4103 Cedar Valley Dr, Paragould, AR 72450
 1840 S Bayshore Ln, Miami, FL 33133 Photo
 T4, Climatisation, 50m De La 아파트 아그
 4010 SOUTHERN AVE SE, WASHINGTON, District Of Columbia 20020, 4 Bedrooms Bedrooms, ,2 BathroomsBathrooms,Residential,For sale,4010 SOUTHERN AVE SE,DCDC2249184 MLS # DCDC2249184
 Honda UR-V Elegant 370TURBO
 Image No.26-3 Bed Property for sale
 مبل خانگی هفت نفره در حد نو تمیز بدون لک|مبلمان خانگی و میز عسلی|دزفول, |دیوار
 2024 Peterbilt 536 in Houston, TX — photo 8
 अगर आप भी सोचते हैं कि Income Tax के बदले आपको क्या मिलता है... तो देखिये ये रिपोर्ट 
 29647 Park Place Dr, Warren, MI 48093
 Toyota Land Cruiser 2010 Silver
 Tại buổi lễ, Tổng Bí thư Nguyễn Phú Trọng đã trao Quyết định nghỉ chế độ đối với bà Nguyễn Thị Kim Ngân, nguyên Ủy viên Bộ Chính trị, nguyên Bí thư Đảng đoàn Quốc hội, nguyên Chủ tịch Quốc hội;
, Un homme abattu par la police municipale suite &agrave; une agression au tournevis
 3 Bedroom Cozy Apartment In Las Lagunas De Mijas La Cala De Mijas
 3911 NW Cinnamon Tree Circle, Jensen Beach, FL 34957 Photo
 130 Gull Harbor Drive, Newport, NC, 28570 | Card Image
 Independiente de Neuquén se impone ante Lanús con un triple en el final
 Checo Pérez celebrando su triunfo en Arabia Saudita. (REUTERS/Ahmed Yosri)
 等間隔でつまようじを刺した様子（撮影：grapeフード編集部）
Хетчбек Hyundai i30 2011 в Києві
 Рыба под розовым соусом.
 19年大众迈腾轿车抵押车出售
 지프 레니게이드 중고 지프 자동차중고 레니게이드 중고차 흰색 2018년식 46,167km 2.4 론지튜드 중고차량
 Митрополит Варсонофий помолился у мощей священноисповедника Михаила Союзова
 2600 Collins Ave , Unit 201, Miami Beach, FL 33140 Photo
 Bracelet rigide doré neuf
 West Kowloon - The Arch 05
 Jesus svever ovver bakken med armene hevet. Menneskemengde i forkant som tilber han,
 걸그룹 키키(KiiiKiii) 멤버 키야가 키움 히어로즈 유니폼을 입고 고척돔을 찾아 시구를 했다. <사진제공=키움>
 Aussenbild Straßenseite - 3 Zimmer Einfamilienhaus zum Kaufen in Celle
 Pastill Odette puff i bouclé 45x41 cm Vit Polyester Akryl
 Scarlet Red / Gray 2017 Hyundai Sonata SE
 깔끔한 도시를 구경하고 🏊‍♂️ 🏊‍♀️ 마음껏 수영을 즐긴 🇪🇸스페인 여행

☆ ☆ ☆

*Exercise brief*
In the listing above, find the line containing "अगर आप भी सोचते", then reproduce it and each line after it through the end, exactly and with nothing added.

*Written reply*
 अगर आप भी सोचते हैं कि Income Tax के बदले आपको क्या मिलता है... तो देखिये ये रिपोर्ट 
 29647 Park Place Dr, Warren, MI 48093
 Toyota Land Cruiser 2010 Silver
 Tại buổi lễ, Tổng Bí thư Nguyễn Phú Trọng đã trao Quyết định nghỉ chế độ đối với bà Nguyễn Thị Kim Ngân, nguyên Ủy viên Bộ Chính trị, nguyên Bí thư Đảng đoàn Quốc hội, nguyên Chủ tịch Quốc hội;
, Un homme abattu par la police municipale suite &agrave; une agression au tournevis
 3 Bedroom Cozy Apartment In Las Lagunas De Mijas La Cala De Mijas
 3911 NW Cinnamon Tree Circle, Jensen Beach, FL 34957 Photo
 130 Gull Harbor Drive, Newport, NC, 28570 | Card Image
 Independiente de Neuquén se impone ante Lanús con un triple en el final
 Checo Pérez celebrando su triunfo en Arabia Saudita. (REUTERS/Ahmed Yosri)
 等間隔でつまようじを刺した様子（撮影：grapeフード編集部）
Хетчбек Hyundai i30 2011 в Києві
 Рыба под розовым соусом.
 19年大众迈腾轿车抵押车出售
 지프 레니게이드 중고 지프 자동차중고 레니게이드 중고차 흰색 2018년식 46,167km 2.4 론지튜드 중고차량
 Митрополит Варсонофий помолился у мощей священноисповедника Михаила Союзова
 2600 Collins Ave , Unit 201, Miami Beach, FL 33140 Photo
 Bracelet rigide doré neuf
 West Kowloon - The Arch 05
 Jesus svever ovver bakken med armene hevet. Menneskemengde i forkant som tilber han,
 걸그룹 키키(KiiiKiii) 멤버 키야가 키움 히어로즈 유니폼을 입고 고척돔을 찾아 시구를 했다. <사진제공=키움>
 Aussenbild Straßenseite - 3 Zimmer Einfamilienhaus zum Kaufen in Celle
 Pastill Odette puff i bouclé 45x41 cm Vit Polyester Akryl
 Scarlet Red / Gray 2017 Hyundai Sonata SE
 깔끔한 도시를 구경하고 🏊‍♂️ 🏊‍♀️ 마음껏 수영을 즐긴 🇪🇸스페인 여행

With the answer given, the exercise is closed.